··· Supplied material

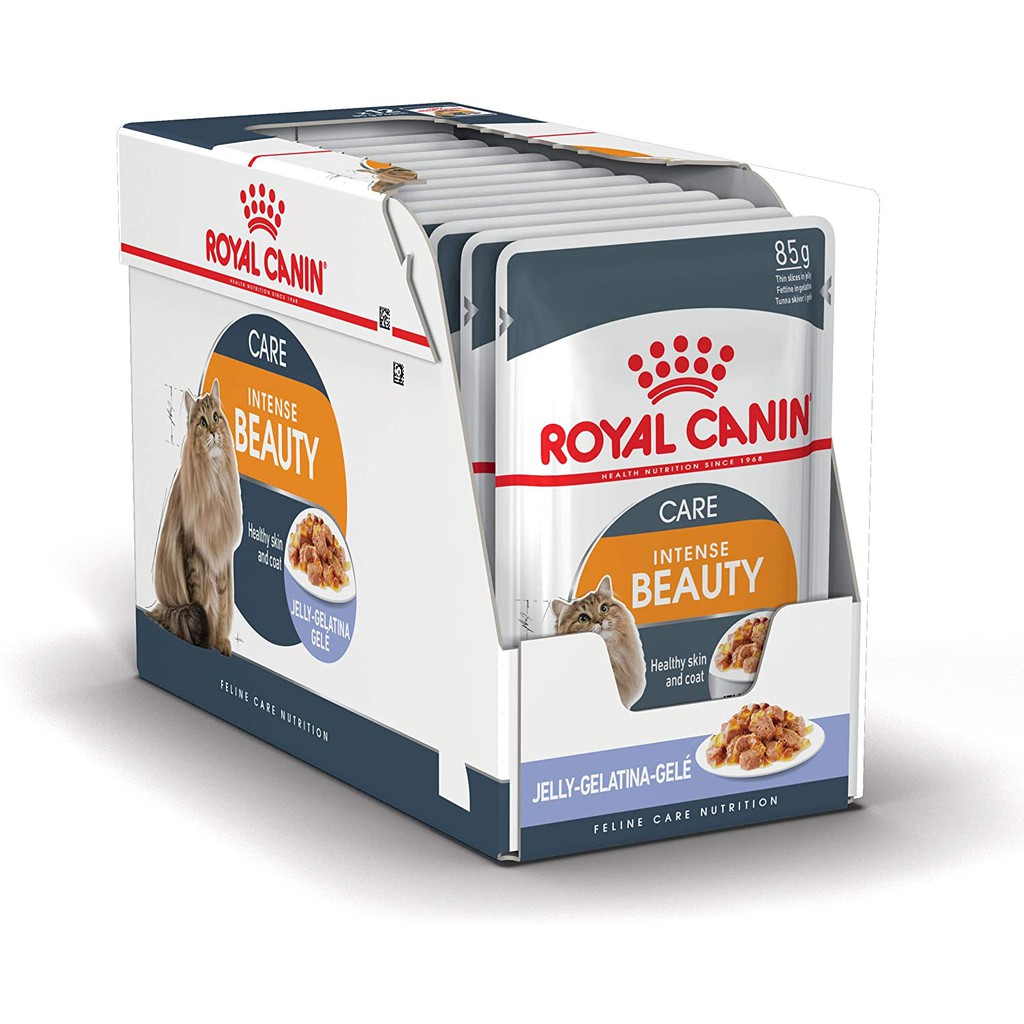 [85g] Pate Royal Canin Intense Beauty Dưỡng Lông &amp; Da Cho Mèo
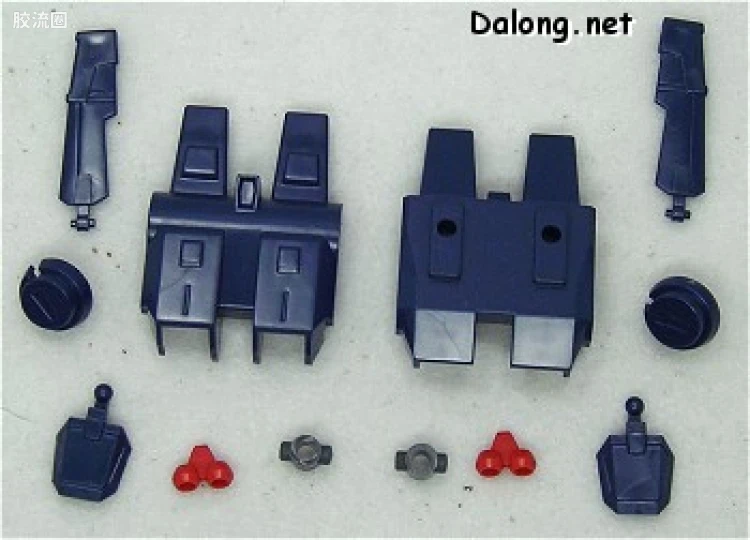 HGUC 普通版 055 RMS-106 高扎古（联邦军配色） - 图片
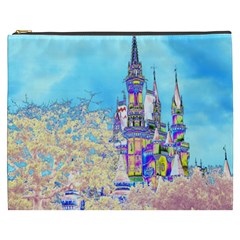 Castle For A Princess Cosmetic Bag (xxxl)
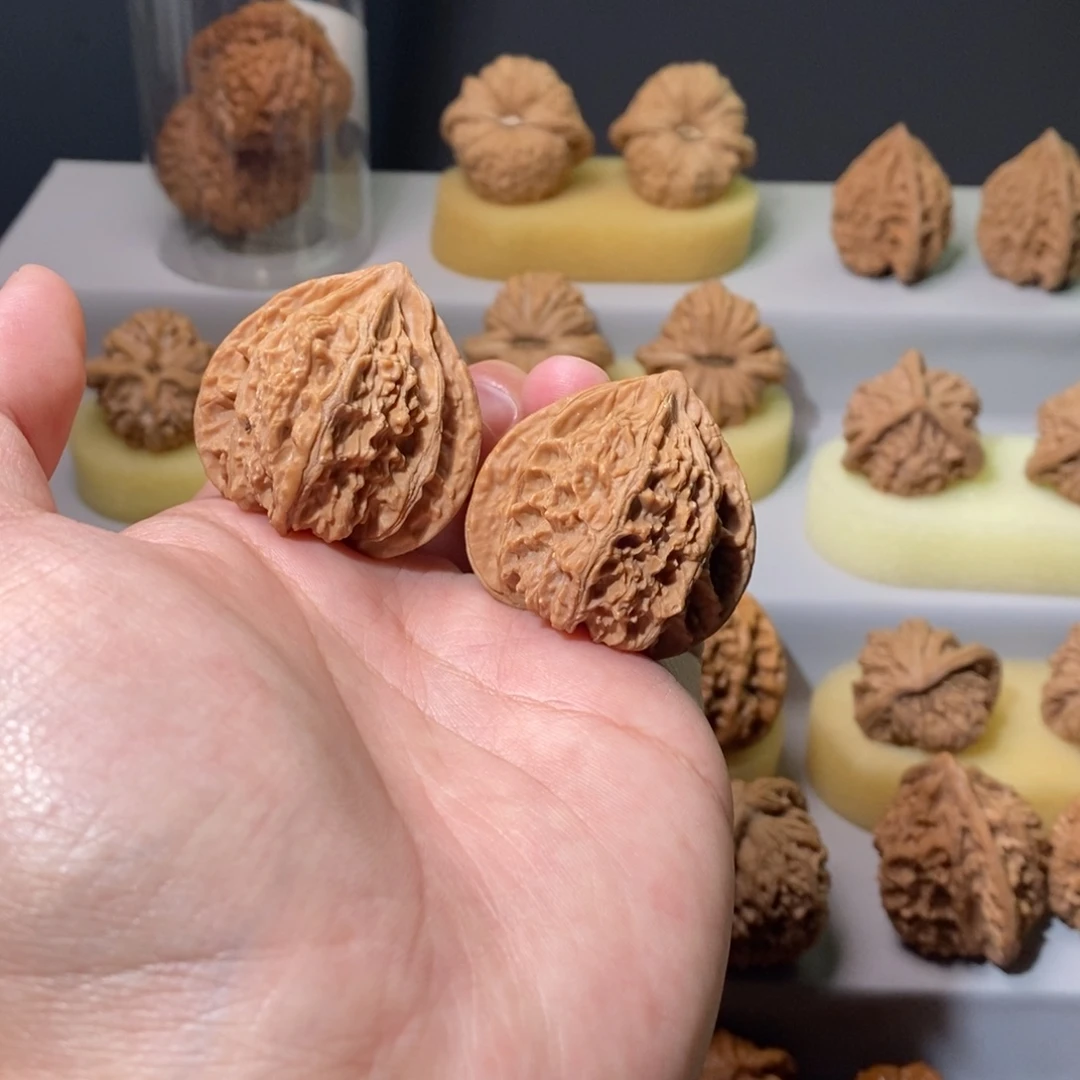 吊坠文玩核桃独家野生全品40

······

**Activity**
Beginning with the line that holds "HGUC 普通版 055 RMS-106 高扎古（联邦军配色） - 图片", output each line to the end of the material above, exactly, omitting the pictures.

**Written solution**
 HGUC 普通版 055 RMS-106 高扎古（联邦军配色） - 图片
 Castle For A Princess Cosmetic Bag (xxxl)
 吊坠文玩核桃独家野生全品40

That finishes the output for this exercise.